Le danger des bulles
En revanche, la spéculation est déstabilisatrice dès lors que les spéculateurs anticipent qu’une tendance va durer. Cela s’est passé avec les titres des sociétés Internet à la fin des années 1990. Leur valeur était orientée à la hausse du fait de l’espoir placé dans les nouvelles technologies. Anticipant une poursuite de cette hausse, des spéculateurs ont acheté ces titres, entraînant dans leur sillage d’autres acheteurs moins experts au comportement moutonnier, puis d’autres encore et ainsi de suite : les anticipations se sont autoréalisées.

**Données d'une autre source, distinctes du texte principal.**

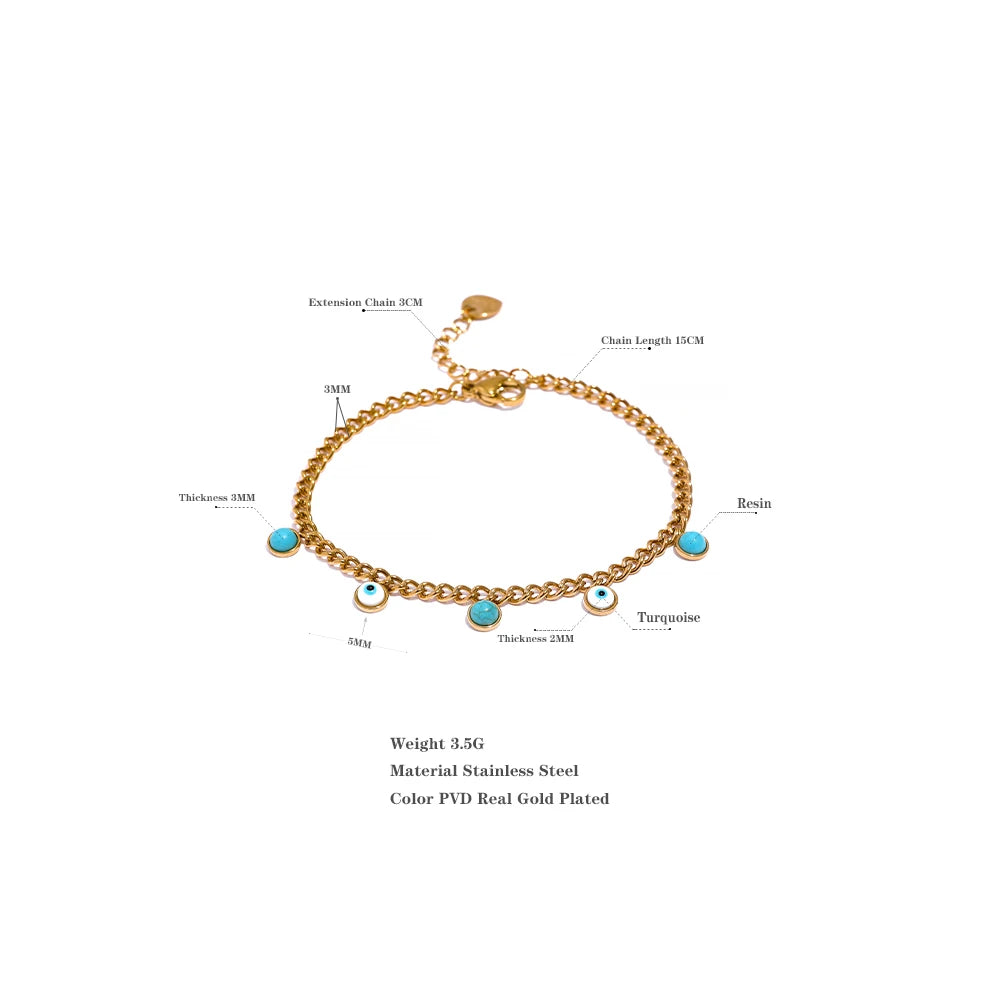 Pulsera dorada con dijes y detalles de resina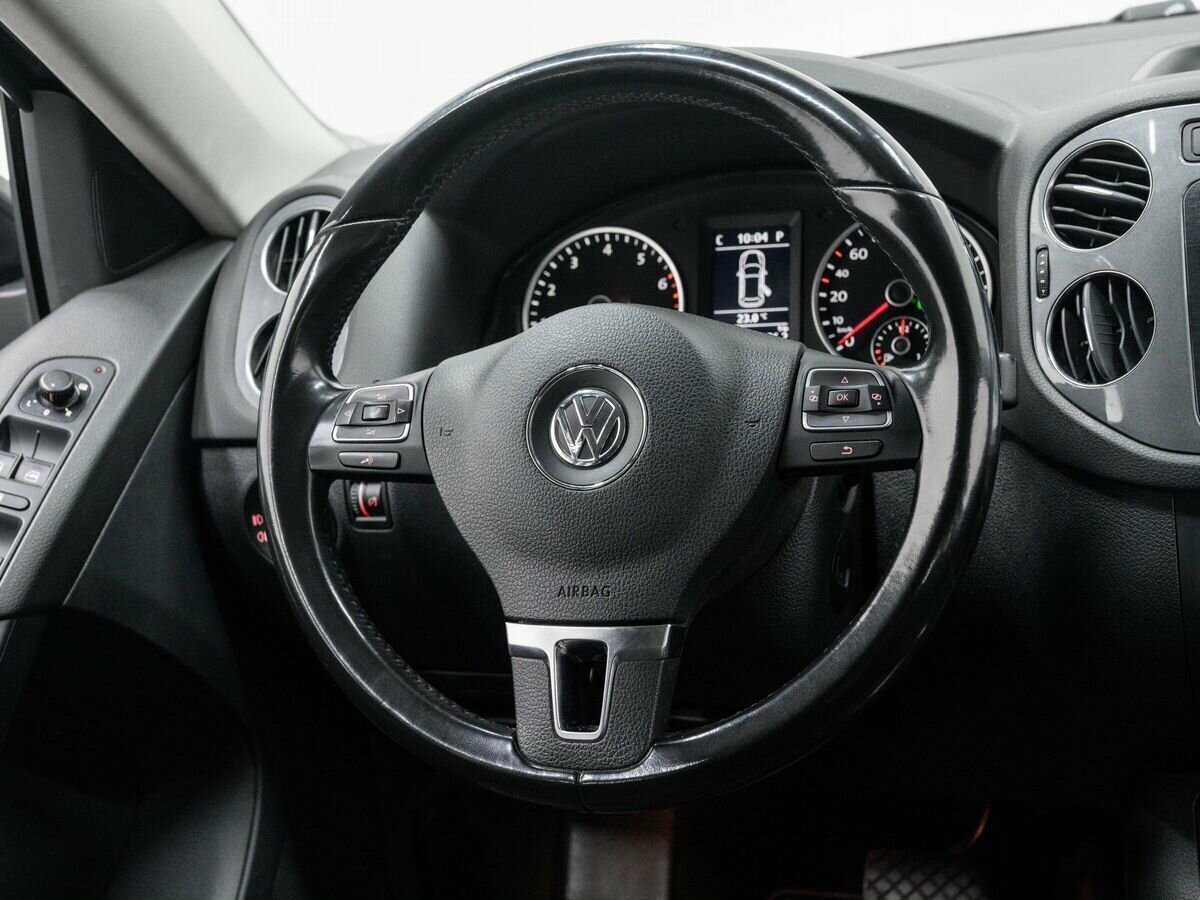 Volkswagen Tiguan б/у, 2013, Автоматическая. Фото: #10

C’est seulement quand certains spéculateurs ont estimé, au début des années 2000, que les prix avaient atteint un niveau proche de leur maximum qu’ils ont décidé de vendre, déclenchant une revente en masse de ces titres dans un élan de panique, et provoquant du coup un krach boursier quand la valeur des titres s’est effondrée.
Des mécanismes similaires ont plus tard contribué à la crise des subprimes de 2007, l’engouement portant cette fois sur les prêts immobiliers, en particulier aux États-Unis. Depuis, des réglementations ont cherché à encadrer la spéculation, un phénomène inhérent aux marchés financiers. Pourtant, les risques de bulles spéculatives persistent.